Üsteğmen Mesut Kılıç tören alanında yaptığı konuşmada, “1071’de Malazgirt Zaferi ile başlayan Anadolu mücadelemizi, kudretimizi ve cesaretimizi hazmedemeyen Avrupa yüzyıllardır zayıf anımızı gözetmiş, her fırsatta bizi tarih sahnesinden, dünya haritasından silmek istemişti. Nihayet güçsüz ve zayıf bir anda 1. Dünya Savaşına girmek zorunda bırakılan Türk ulusu her cephede şanlı tarihine kahramanlık sayfaları eklediği halde, birlikte savaştığı müttefiklerinin yenilgiyi kabul etmesiyle yenik sayılmış. Ordusu dağıtılarak, korumasız ve güvenliksiz bırakılmıştır. Montros mütarekesi ile bu amaçlarını pekiştirmişler ve güzel Anadolumuzu paylaşma ihtirasına kapılmışlardır. Onlar bu zafer sarhoşluğu ile şarkılar söylerken Türk ulusunun özgürlük ve bağımsızlık coşkusu bir sel halini alıyor ve Mustafa Kemal bir güneş gibi doğuyordu. Anadolu halkı tek yumruk olarak dış ve iç ihanetlerin odakları karşısında ve yokluklar içerisinde büyük fedakarlıklarla verdiği Kurtuluş Savaşı’nda en son Başkomutanlık Meydan Muharebesi’ni de kazanarak kesin zafere ulaşmıştır.

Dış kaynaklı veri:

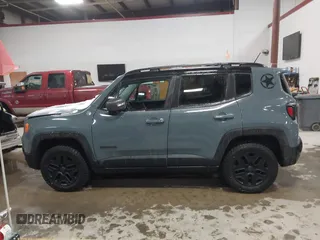 2017 Jeep Renegade Trailhawk z VIN ZACCJBCB4HPE86966, wystawiony jako IAAI lot #41502978 z przebiegiem 144 723 mil mil oraz . Historia ofert i sprzedaży dostępna na DreamBid. Obrazek 14.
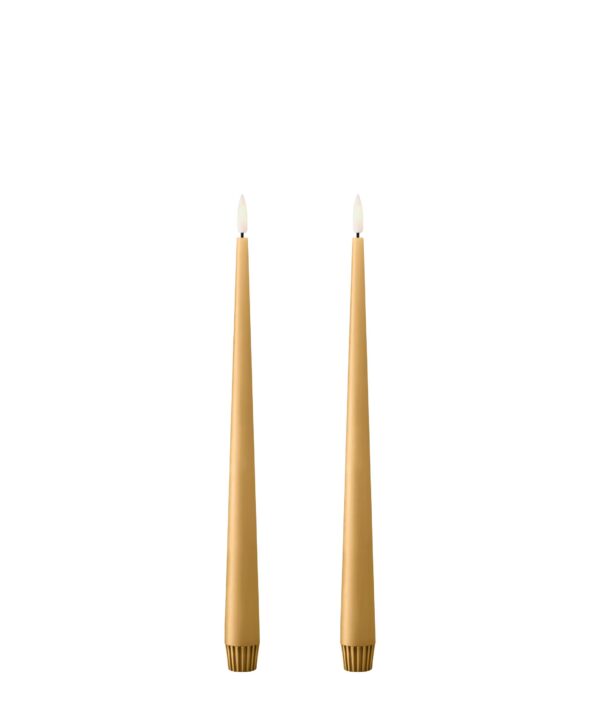 To LED-stearinlys fra Ester & Erik i fargen Almond Butter No. 27. 30 cm høye med realistisk flamme og matt overflate – eksklusive, trygge og stemningsfulle lys til hjemmet.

19 Mayıs 1919’da başlatılan Kurtuluş Savaşı ile istilacı düşman ordusuna üst üste darbeler vurulmuş ancak yurdumun içerisinde ilerleyen düşmanın vatanın bağrından atılabilmesi için sıra kesin sonuçlu bir harekâta gelmişti.
Ya İstiklal Ya Ölüm parolası ile başlayan muharebede elde edilen bu büyük zafer Türk’ün bağrına dayanan hançerin ulusça sökülmesi, özgürlük ve haysiyetimizi yok etmek isteyenlerin dize getirilmesi destanıdır.
Ne mutlu bize ki, tarihi zaferlerle dolu bir ulusun çocuklarıyız. Ne mutlu bize ki geleceğimize yön verecek ve göğsümüzü gererek Türküm diyebilecek şanlı bir tarihimiz var. Çünkü bu vatanın ordusu yalnızca silah altındaki evlatlarından ibaret değildir. Vatanımız bir kışla, ulusumuz bu kışlanın askerleridir. Silahlı kuvvetlerde Türk ulusunun yenilmez gücünün timsali, Türk istiklalinin ve vatanın bölünmez bütünlüğünün sonsuz güvencesidir.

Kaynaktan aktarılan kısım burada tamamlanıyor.